Dans une moindre mesure, le retrait des troupes de Tsahal de Gaza « est source d’inquiétudes, d’instabilité et de craintes » en Israël, appuie Sébastien Boussois, docteur en sciences politiques et spécialiste du Moyen-Orient. D’où un tiraillement, pour le Premier ministre, entre l’allié dont il ne peut se passer sur le plan international, et ses soutiens politiques intérieurs dont les réticences se multiplient.

Les préoccupations israéliennes sont renforcées par la « théâtralisation » des dernières libérations d’otages par le Hamas selon Emmanuel Dupuy, qui évoque une « guerre psychologique » sous l’œil des caméras.
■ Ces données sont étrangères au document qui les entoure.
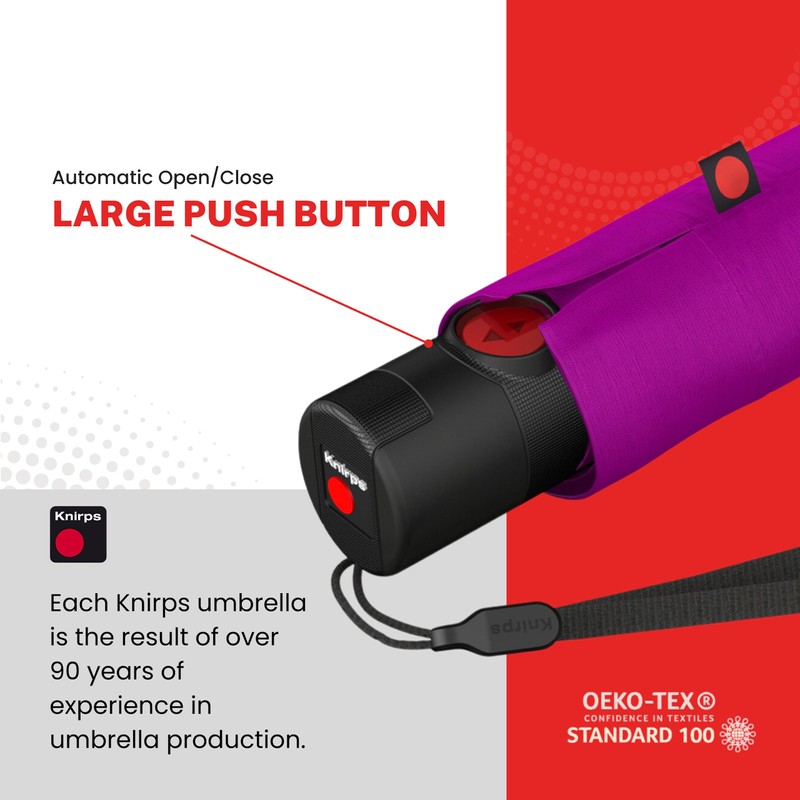 Knirps Ultra U.200 Medium Duomatic Pocket Umbrella - Automatic Open/Close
Mise en scène martiale, uniformes et pick-up flambant neufs : en « dansant sur un tas de cendres et d’os », le mouvement islamiste veut « montrer qu’il reste extrêmement puissant et ancré », abonde Sébastien Boussois.

De l’avis des experts interrogés, le Hamas a été renforcé par les libérations de prisonniers palestiniens comme l’enrôlement de nouvelles recrues, des Gazaouis « qui n’ont plus rien à perdre » après 15 mois d’une guerre dévastatrice.
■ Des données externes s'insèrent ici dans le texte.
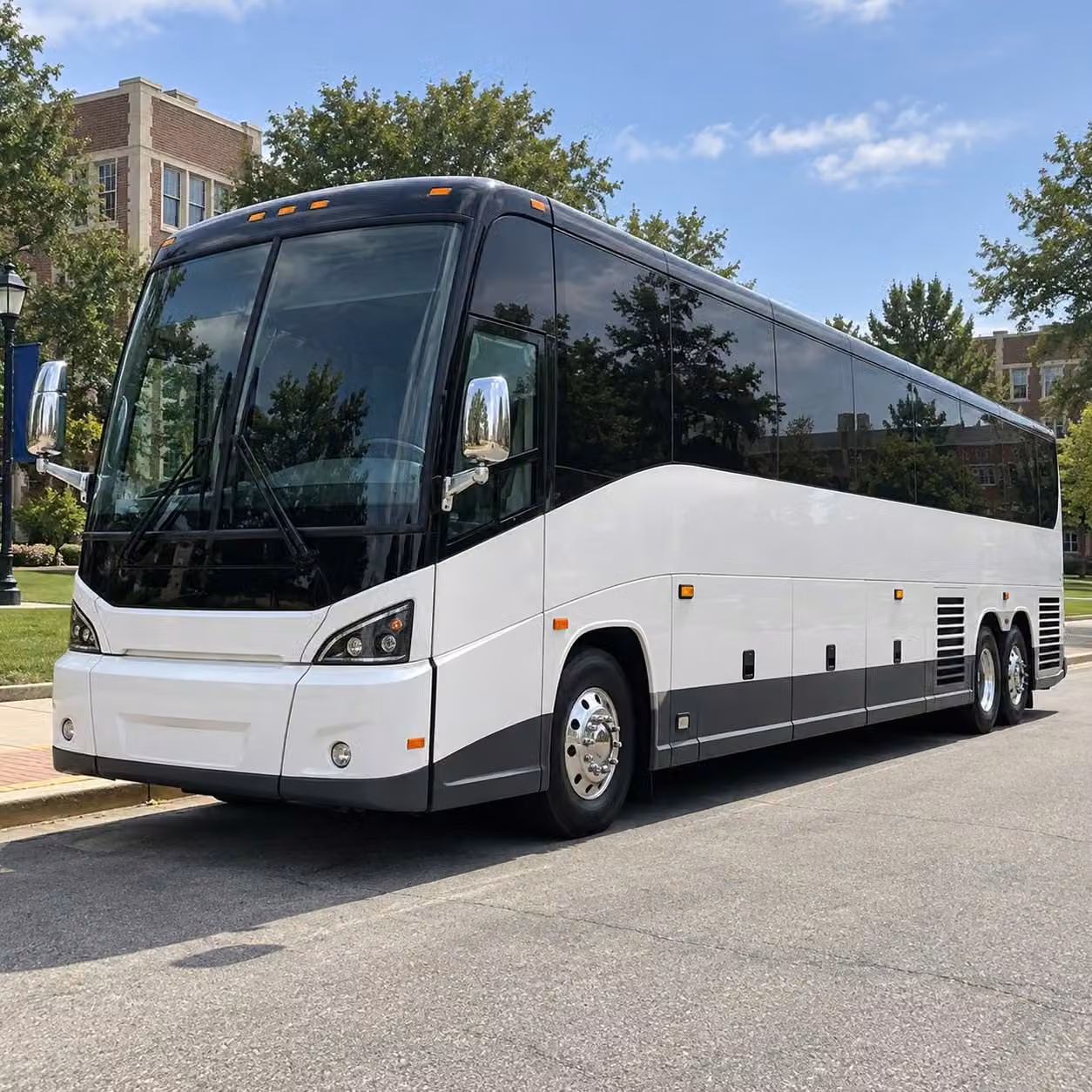 charter bus rentals for large lawrence prom groups at free state and lawrence high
Devant cette résurgence du mouvement à l’origine des attaques du 7 octobre 2023, la visite du Premier ministre israélien à Washington pourrait s’apparenter, selon Emmanuel Dupuy, à « une tentative d’obtenir auprès de Trump un blanc-seing » sur l’objectif d’éradication totale du Hamas, martelé par Netanyahou depuis le début de la guerre. « L’opinion publique a le sentiment que la paix s’est installée mais Israël et le Hamas se préparent à reprendre les combats », souligne l’expert.

« Trouver un compromis créatif »

La reprise des négociations est donc un « moment de vérité » pour les deux parties aux « objectifs contradictoires », selon David Khalfa, codirecteur de l’Observatoire du Moyen-Orient à la Fondation Jean- Jaurès. « Pour Israël, le jour d’après sera forcément sans le Hamas ». À l’inverse, ce dernier « veut survivre comme organisation militaire, mais aussi comme mouvement sociopolitique afin de maintenir sa férule sur la bande de Gaza, même indirectement », détaille le chercheur, auteur de « Israël Palestine, année zéro » (2024, Éd. Le bord de l’eau).
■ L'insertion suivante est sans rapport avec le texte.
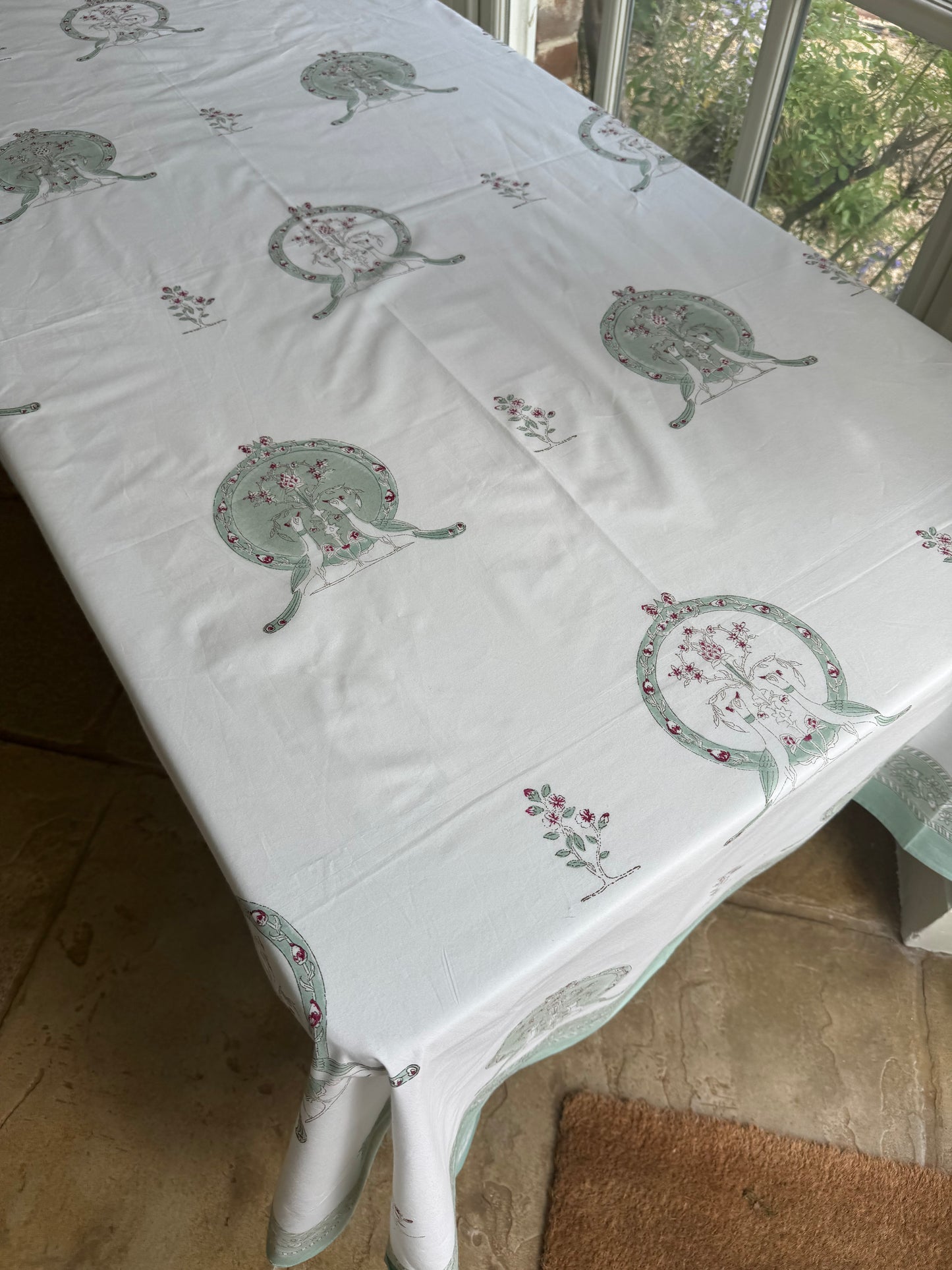 Peacock Foliage Tablecloth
La tâche des États-Unis, pour éviter que les négociations n’implosent, consistera donc à « trouver un compromis créatif » dans lequel pourront se retrouver les deux parties. « Trump est l’un des seuls qui peut tourner le bras à Netanyahou, tout en faisant peur au Hamas et aux groupes terroristes de Gaza », souligne Elizabeth Sheppard- Sellam, maître de conférences à l’Université de Tours et spécialiste d’Israël. Le président américain sera, à cette fin, épaulé par le Qatar « dont la tâche sera de faire pression sur le Hamas », explique David Khalfa.

Pour Netanyahou, le tiraillement est de taille entre l’allié dont il ne peut se passer sur le plan international, et ses soutiens politiques intérieurs dont les réticences se multiplient. David Khalfa résume :

« Soit il maintient l’unité de sa coalition et s’aliène la nouvelle administration américaine. Soit il prend le risque de perdre sa majorité, mais obtient alors un soutien militaire américain, notamment pour mener une opération militaire contre les sites nucléaires iraniens ».